• Your instructions
Starting at the line that contains "Инсталляция + кнопка" and stopping at the line that contains "Zen Garden - Orchid", restate each line of the records below exactly. Omit the pictures.

─── Data extract

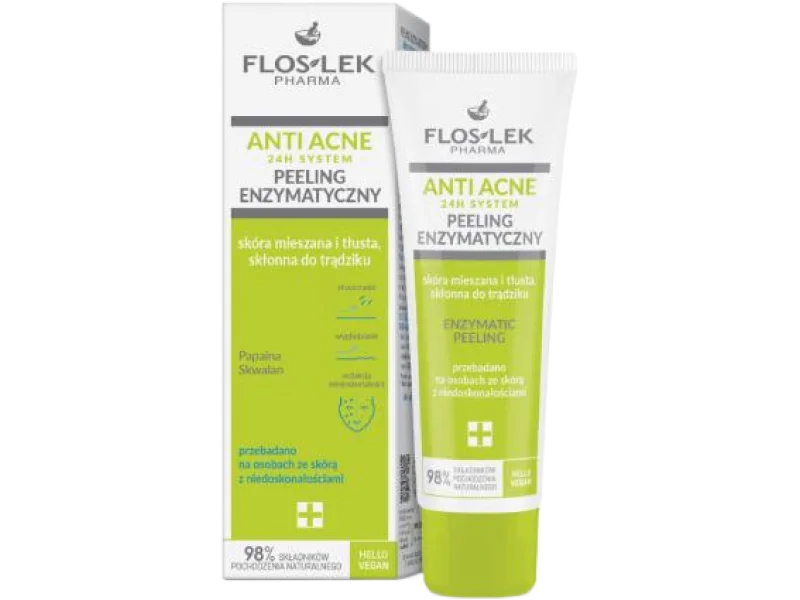 FLOS-LEK ANTI ACNE 24H System peeling enzymatyczny, 50 ml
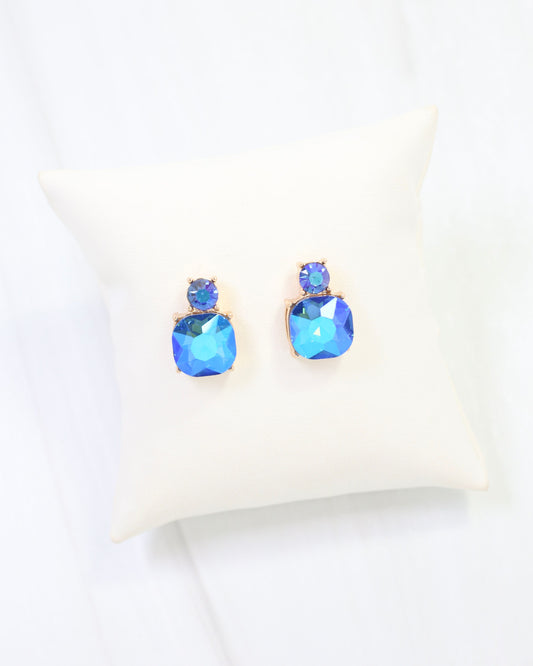 Roxanne Rhinestone Post Earring Blue AB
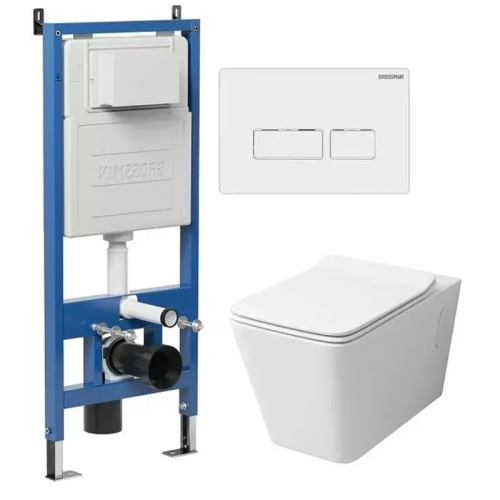 Инсталляция + кнопка смыва + унитаз Grossman Galaxy 97.4414S.03.000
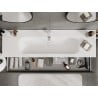 Mexen Rivel armoire de salle de bains 160 cm avec lavabo Vela, 1 tiroir, rainurée, graphite mat/blanc mat -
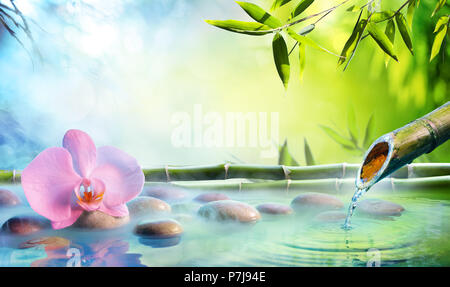 Zen Garden - Orchid In Japanese Fountain With Rocks And Bamboo Stock Photo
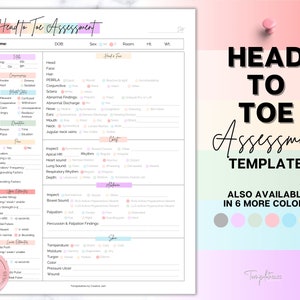 Head to toe Assessment Sheet, Head-to-toe Assessment Guide,  Nursing Study Guide, Nurse Report, Nursing Student Notes, Nclex Care Plan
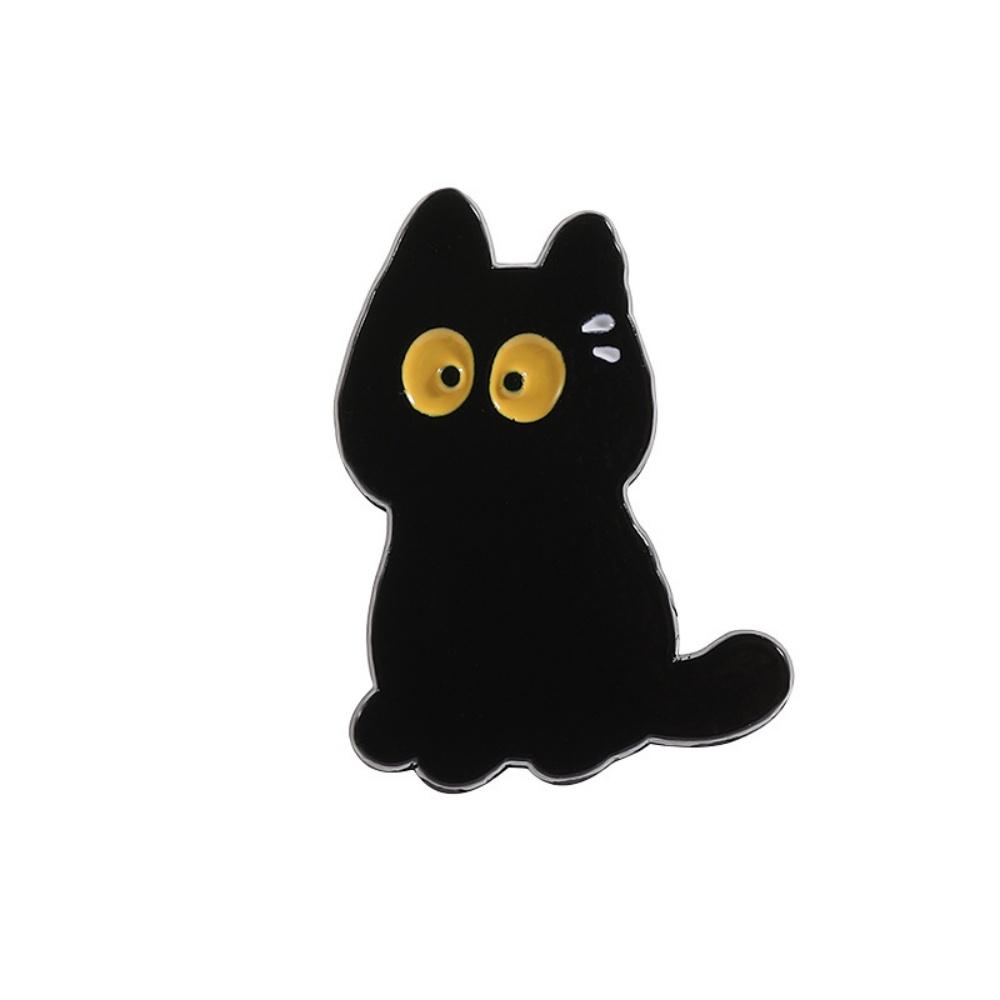 New Cute Black Brooch Funny Kitten Metal Brooches Lapel Pins Badge On Backpack Costume Accessories Jewelry For Friend Gift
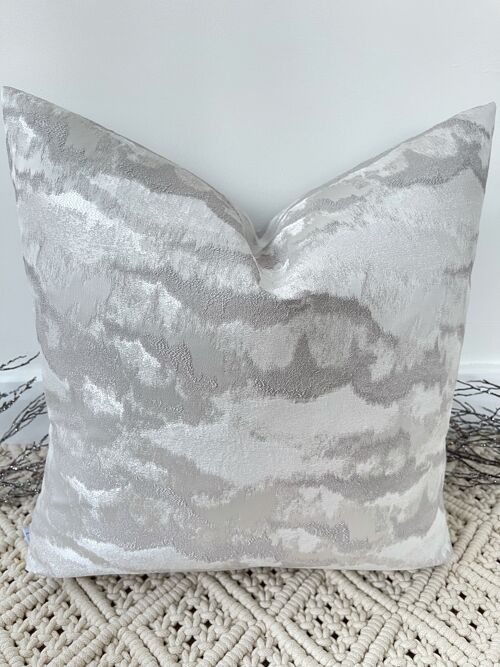NEW The Grey Silver Vestige Cushion - 16'' - Yes - White
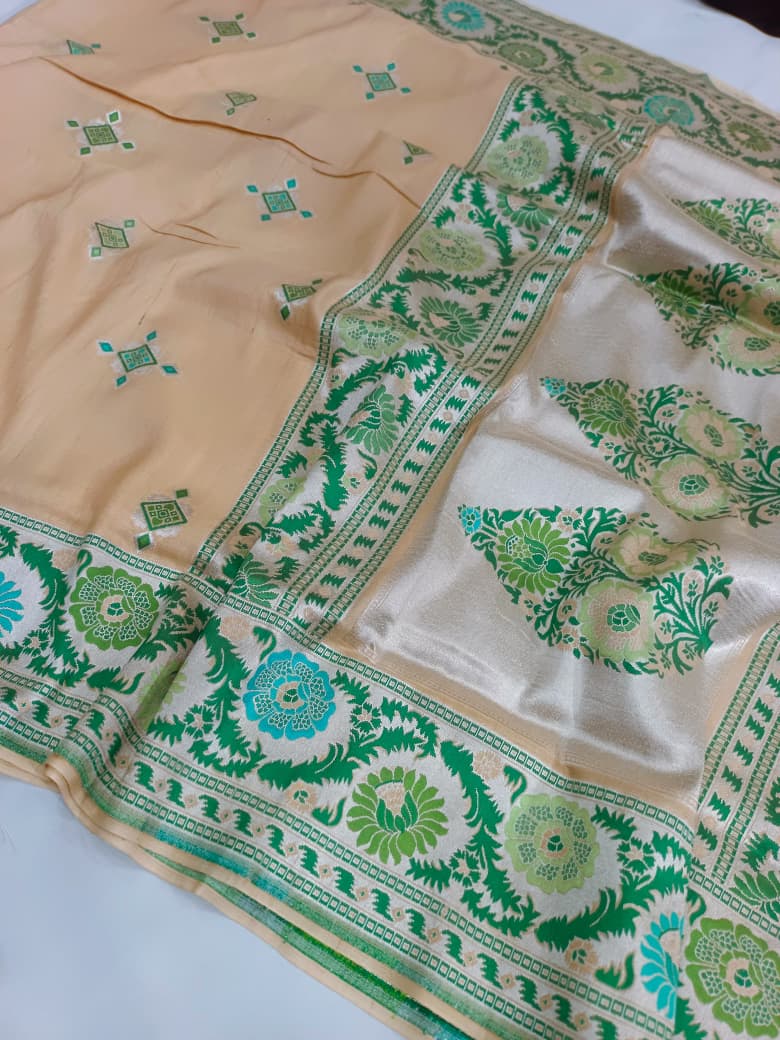 Pure Munga Silk Saree Handloom Minakari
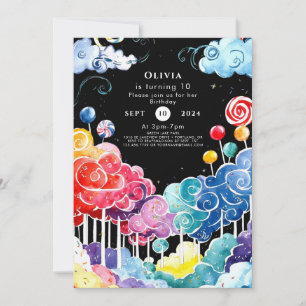 Sweet Whimsical Candyland Birthday Inbjudningar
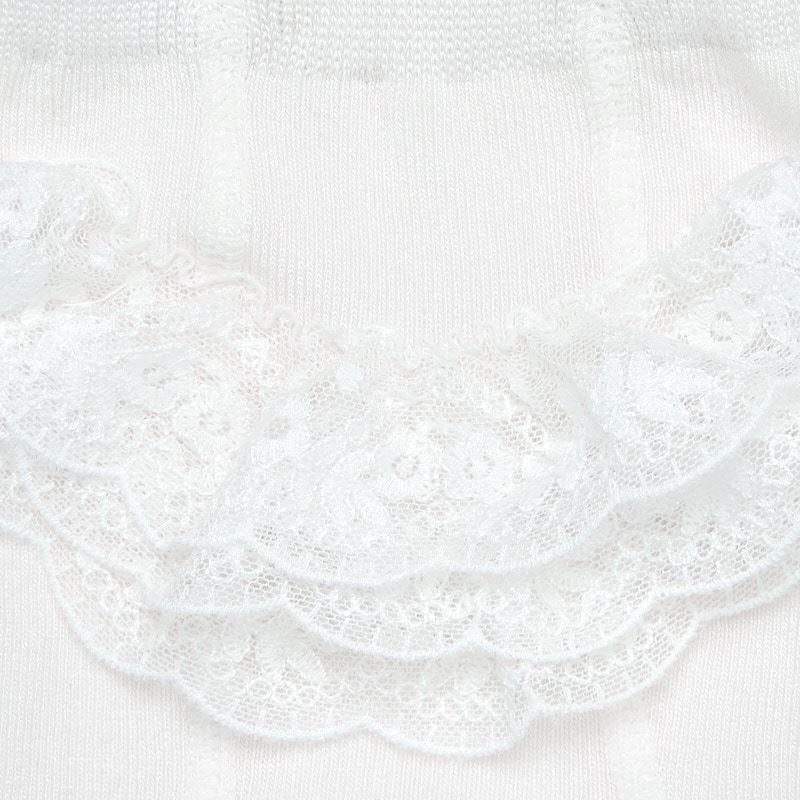 Off White Lace Ruffle Footed Tights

──────

• Reply to the exercise
 Инсталляция + кнопка смыва + унитаз Grossman Galaxy 97.4414S.03.000
 Mexen Rivel armoire de salle de bains 160 cm avec lavabo Vela, 1 tiroir, rainurée, graphite mat/blanc mat -
 Zen Garden - Orchid In Japanese Fountain With Rocks And Bamboo Stock Photo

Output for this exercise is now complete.